Before I get to the interesting news, I wanted to point out that I released the Malware database snapshot. This is essentially the same thing as the random dataset, but the content is derived from malware. I am refining some of my data before I release the full database, but expect to see that pop-up soon. If you are interested in viewing the malware data you can see it by here.
Now on to the cooler part of the posting – testing results from the score tool. For testing I made a slight modification to the tool and added the ability to see the filename on the same line as the score itself. This made life a lot easier because I could then pipe all results to grep and filter strictly on high scores only.

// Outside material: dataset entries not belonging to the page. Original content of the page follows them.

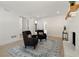 Bright living room featuring hardwood floors, neutral walls, fireplace and two modern armchairs at 220 Hobnail Se Ct, Marietta, GA 30067
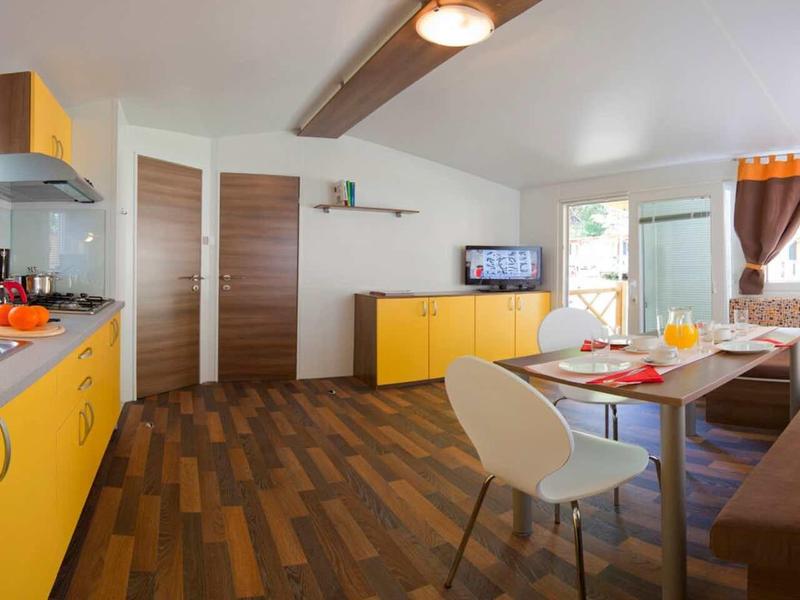 Modern kitchen and dining area with yellow cabinets and wooden flooring in a bright room.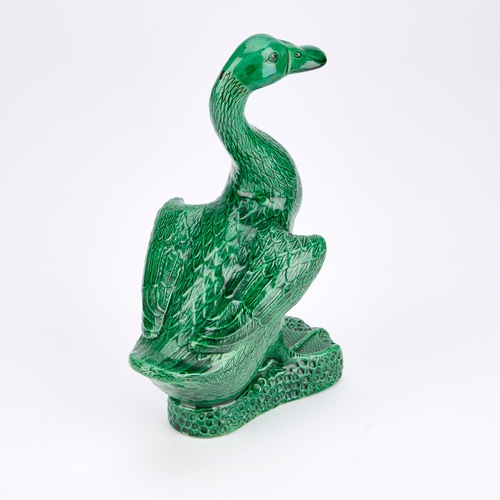 84 - A CHINESE GREEN-GLAZED MODEL OF A DUCK 24cm high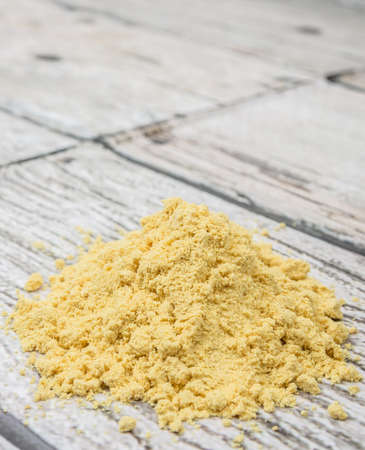 Ground mustard powder over wooden backgroundの写真素材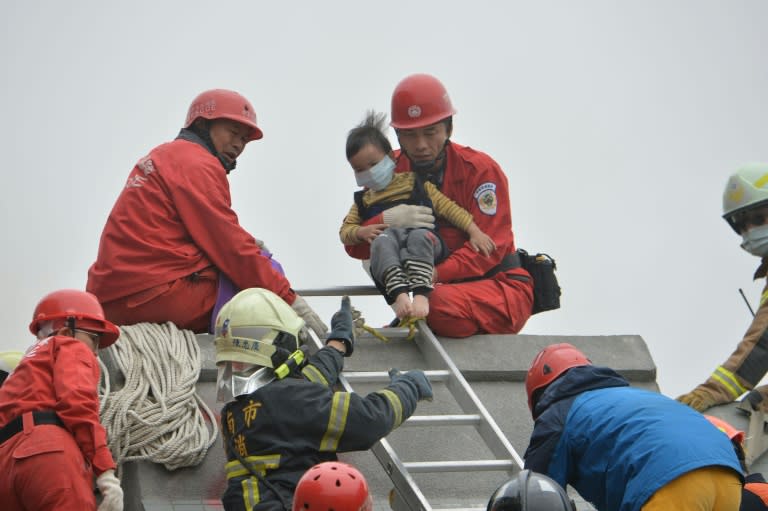 Rescue personnel help a young victim at the site of a collapsed building in the southern Taiwanese city of Tainan following a strong 6.4-magnitude earthquake that struck the island early on February 6, 2016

I decided it was best to use a few different sets of data that I had laying around to ensure I was getting a wider range of results. On my machine I had about ~1000 PDF files – 600 downloaded from known MDL sites using dirtyhands, 100 downloaded from Google using bighands and 100 given to me from other security researchers. Of all the files scanned I collected 10 new malware samples and had one false positive. The false positive occurred in the MDL data and was verified to be clean by using VT and Wepawet.
I need to do further analysis on the new malware samples collected, but one appeared to be using an exploit I had not seen within my other collected results. Another blog entry will be posted on the details of the newly collected files before they are added into the rest of the collection. Continuing on with the project, I want to begin collecting/storing more data and put the scoring tool to work (constant scans of files from Google) to identify any issues. I emailed Didier Stevens about the updates I made to his tool and I am currently waiting on a response to see if he would like to include it.